25 July 1603
James was born at Edinburgh Castle on 19 June 1566, the only son of Mary, Queen of Scots and her second husband Henry Stuart, Lord Darnley. He was crowned James VI of Scotland in 1567 and in 1589 married Anne, daughter of the King of Denmark. Henry Frederick, Prince of Wales, their eldest son, died suddenly in 1612 and is buried in the south aisle of Henry VII's Lady Chapel. Their second son was Charles I (1600-1649). Two of James's infant daughters, Mary (1605-1607) and Sophia, who died in 1606 aged 3 days, have splendid monuments in the north aisle of the Lady Chapel, Sophia being shown in her cradle (pictured). Another daughter, Elizabeth (1596-1662), married Frederick V, King of Bohemia and is buried near Henry Frederick.

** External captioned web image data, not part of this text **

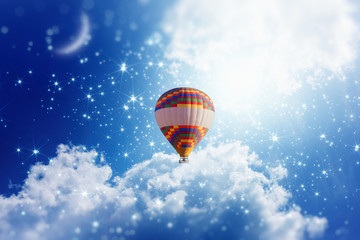 Hot air balloon in blue sky with bright stars and crescent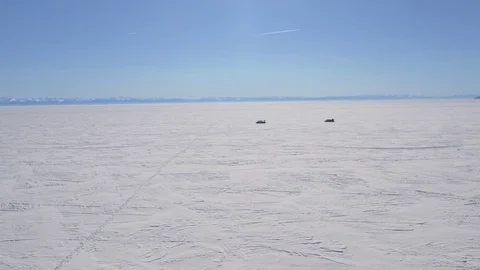 Khivus modern transport hovercraft lake Russia Siberia Arctic winter snow Aerial Stock Footage 80973473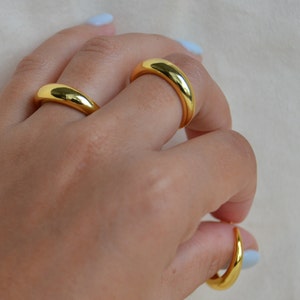 Puede incluir: Tres anillos de color dorado apilados en los dedos de una persona. Los anillos son todos lisos y tienen una forma redondeada.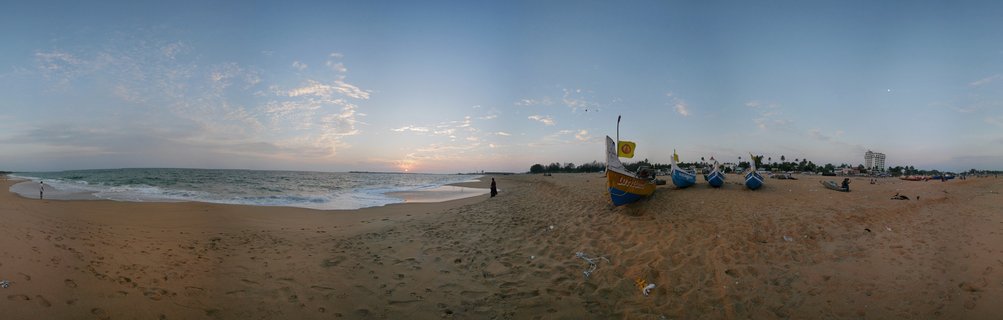Panoramic view of Varkala Beach in Kerala, India showing traditional blue and yellow fishing boats on sand, Arabian Sea waves, palm trees, distant white hotel building, and sunset sky with scattered clouds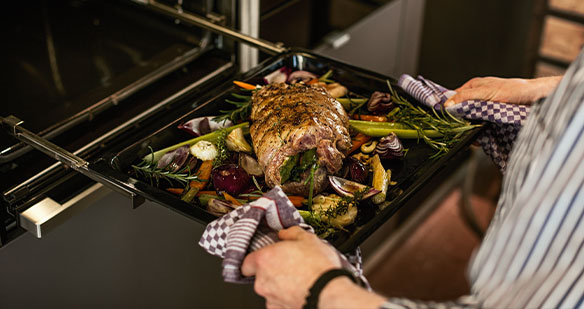 Backblech mit Essen in einen Neff Backofen schieben Backblech mit Essen in einen Neff Backofen schieben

Anne of Denmark died of dropsy on 2 March 1619 and after lying in state at Somerset House her funeral took place in the Abbey on 13 May. The head of her wooden funeral effigy can still be seen in the Abbey Museum. Her grave in the south eastern area of the Lady Chapel is marked by a modern stone "ANNE OF DENMARK QUEEN OF KING JAMES 1st 1619". But her coffin plate gives a longer inscription which can be translated "Here lies buried the Most Serene Queen Anne, consort of James, King of Great Britain, France and Ireland, daughter of Frederick II, King of Denmark and Norway and of the Vandals and Goths, sister of Christian IV and mother of many Princes. She died at Hampton Court, in the year of salvation 1618, on the 4th March, aged 43 years, 4 months and 18 days". The plate gives the year in Old Style dating, and the accepted day of her death is now 2 March.

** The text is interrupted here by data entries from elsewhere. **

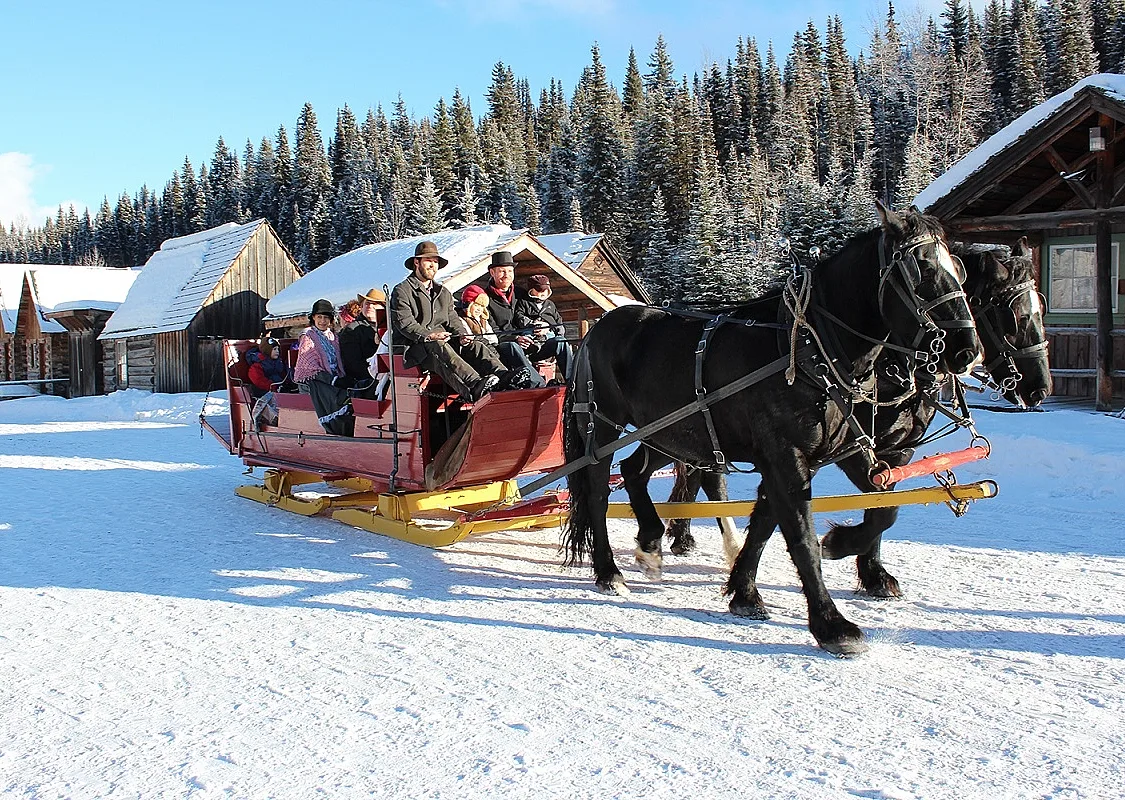 Two horses pull a red sleigh with a group of people through the snow.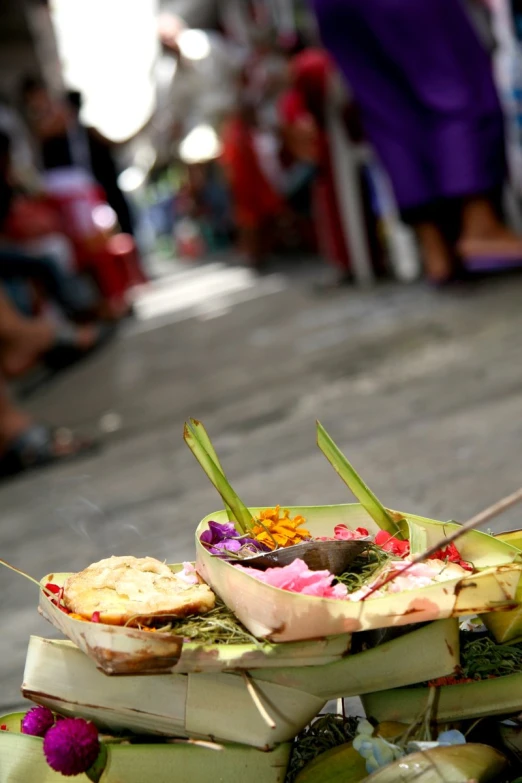 small trays of food sit on the ground while people stand in the background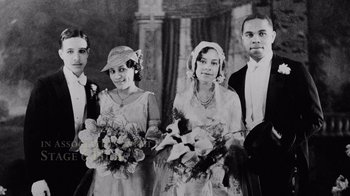 Movie still from “Jumping the Broom” (2011), directed by Salim Akil – A black and white photo of a group of people holding bouquets of flowers; Medium shot, High angle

James succeeded to the English throne as James I on the death of Elizabeth and was crowned in the Abbey on 25 July 1603, uniting the two kingdoms. He arranged for the body of his mother to be transferred from Peterborough Cathedral to the south aisle of the Abbey's Lady Chapel in 1612 and erected a large monument for her. In the opposite aisle he had also erected a monument for Elizabeth I. The Gunpowder Plot of 1605 and the publication of the Authorized Version of the Bible in 1611 are two well-known events of his reign. James died on 27 March 1625 and his funeral took place at the Abbey on 17 May. The funeral address lasted two hours and his wooden funeral effigy (of which only the framework now remains) was displayed on a magnificent hearse. He was laid in the vault beneath Henry VII's monument and lies next to Elizabeth of York. Only a simple modern inscription nearby marks his grave, as no monument was erected for him.

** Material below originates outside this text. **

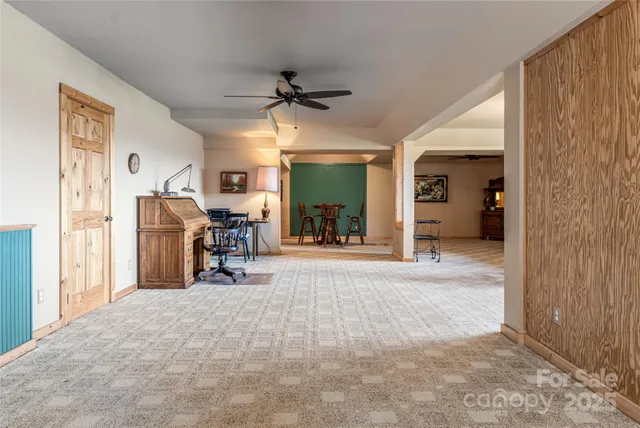 a view of a livingroom with furniture and a flat screen tv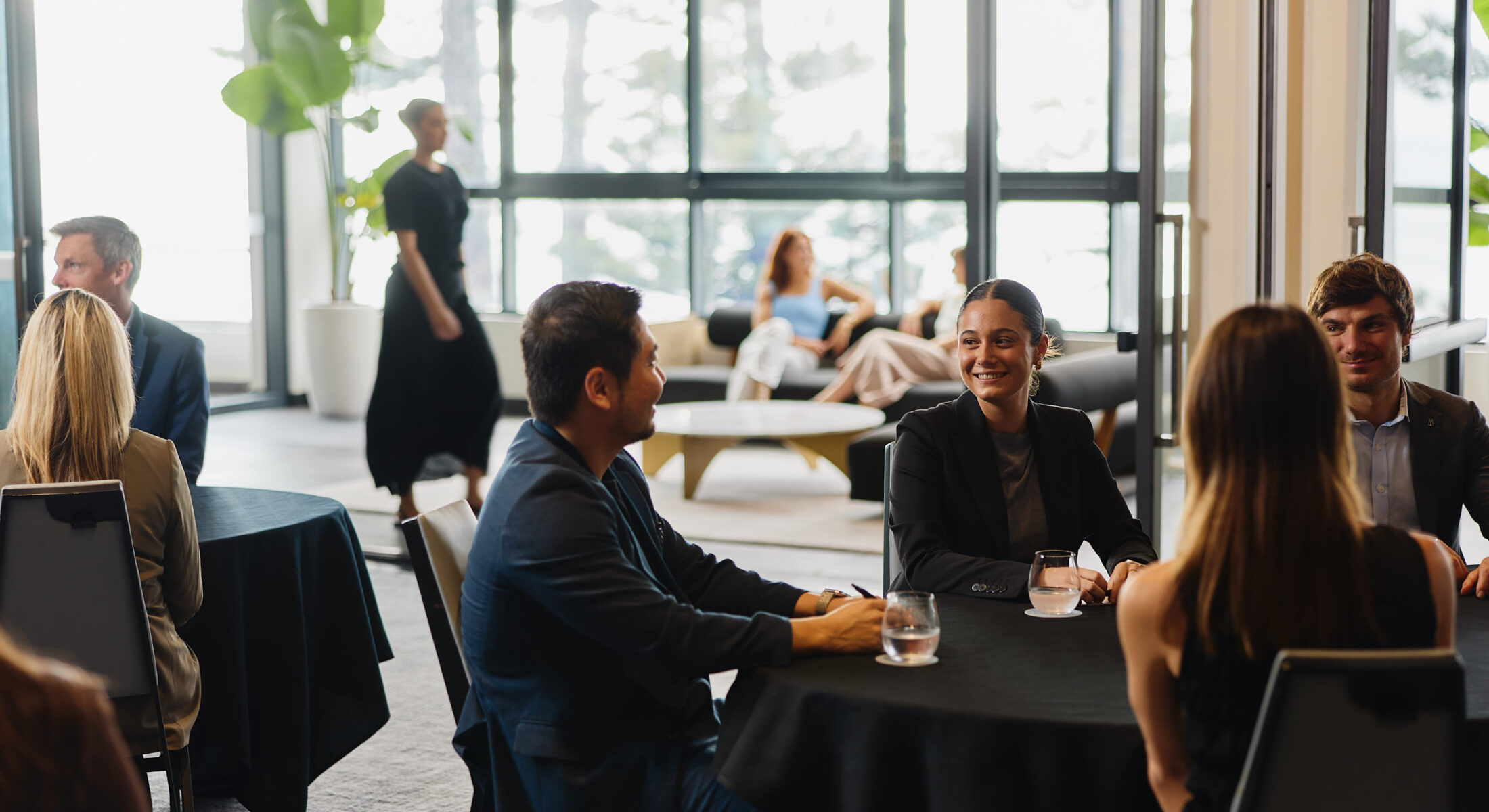 People conversing in modern conference venue Manly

When Elizabeth I died she left the throne to her cousin, King James VI of Scotland, son of Mary Queen of Scots. He came to London with Anne of Denmark, his consort, to be crowned James I of England in 1603. His coronation was very significant: it represented the uniting of the English and Scottish crowns, and he was the first Scottish King to be crowned sitting on the Stone of Scone (contained in the Coronation Chair) for over 300 years.